I have to admit that I was taken by surprise by today’s gospel. We’ve been following Mark’s story for so long that I, reading ahead, was all ready for the feeding of the five thousand. So homily in head, half-prepared, I opened the book and found not Mark but John. The church, in its wisdom, aware that there isn’t enough of Mark to share among the Sundays of Ordinary time, inserts at this point four weeks of John, John meditating on broken bread. You almost can’t see the join. Both gospels are telling the same story of a miraculous feeding but all the details are different. Gone are the sheep without a shepherd from Mark. Instead the crowd follows Jesus because they have seen the signs. Gone is the Jesus who, moved by what he sees, sets out to teach the people at some length. Instead an enigmatic, almost reserved, figure breaks bread in the desert. Gone is the challenge to the disciple to take what little she has and in its breaking and sharing discover an abundant blessing God. Instead a commanding Jesus tests the crowd and the disciples with a question and a sign. And, sad to say, gone is the homily I had prepared. Instead here I am rambling about the homily that I am still preparing. But ramble with me a little longer and let this be a preamble to the next three weeks in which John himself unpacks the meaning of this gospel. I hope you like bread because you’ll have it in abundance!
John puts the familiar picture of the feeding of the five thousand in a skillfully chosen frame. And I want to pull back the focus from the picture to look at the frame. The frame is a careful construction of signs and the seeing of signs. It is fashioned from the heart’s hunger and the quest for satisfaction.
The crowd comes after Jesus, John says, because they saw the signs he worked for the sick. But he means more than just that the crowd wanted healing. A deeper hunger drives them into the desert after this wonder worker, a hunger for deliverance, for freedom, for political change. They want done with these Romans who occupy their land, they want a leader, they want the Messiah, they want a sign that God has returned among the people, they want a second Exodus. God knows the histories of the time are thick with messianic candidates who took their crowd of followers into the desert to show them a sign of God’s promise and blessing on their cause. God knows the same histories tell of crushed rebellions and crowds cut down like grain by Roman blades.
So it’s a risky quest the crowd is on to follow Jesus to this place, and so close to Passover with its reenacted sign of freedom from slavery. Is he the one? Will there be a sign? And Jesus gives them a sign. Stepping into the sandals of Moses, Jesus provides food in the desert — the bread of the poor taken, blessed, broken, given — enough to satisfy any hunger, enough to convince any doubter. Simple food, in abundance, overflowing.
It is a sign—an obvious sign—but a sign of what? To the questing crowd it’s a clear sign that they have found their liberator, their leader, their king.
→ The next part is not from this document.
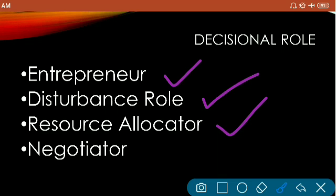The fourth decisional role is the negotiator role, where a manager negotiates with various interest groups in the organization. Suppliers negotiate about price, agencies negotiate during contracts, employees negotiate about salary, and shareholders negotiate about capital investment. So the manager negotiates with every organizational member. That concludes the topic of manager roles. Hope you are clear with this video — thank you students for listening.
But Jesus turns his back on this meaning by running from kingship back to the mountain. But there was a sign. In some ways the next three weeks ask— a sign of what? What is the hunger being satisfied by the bread from heaven?
It ought to be a sharp question for us, brought to this place once again to see the sign of bread taken, blessed, broken and shared. It ought to be a sharp question for us when slavery is once again in the news. When the bread of the poor is denied them. When strangers are unwelcome in the land. When the sick die alone and the living want to die.
For John the Eucharist is a sign thick with politics. It ought to be for us. To come to this table is to seek to understand a sign — more, it is to take part in a sign that we do not understand, that defies our expectations, that satisfies hungers we didn’t know we had but leaves others gnawing. What we do here goes beyond these walls or it goes nowhere. But where it goes is only to be found by going along. The invitation at this table is not simply to be fed. It is an invitation to be food. When we take the broken bread of God to ourselves we say Amen to being ourselves taken, blessed, broken—yes broken— and given to others. Think twice about that Amen. Think three times. But come and join the sign and be the bread of the poor.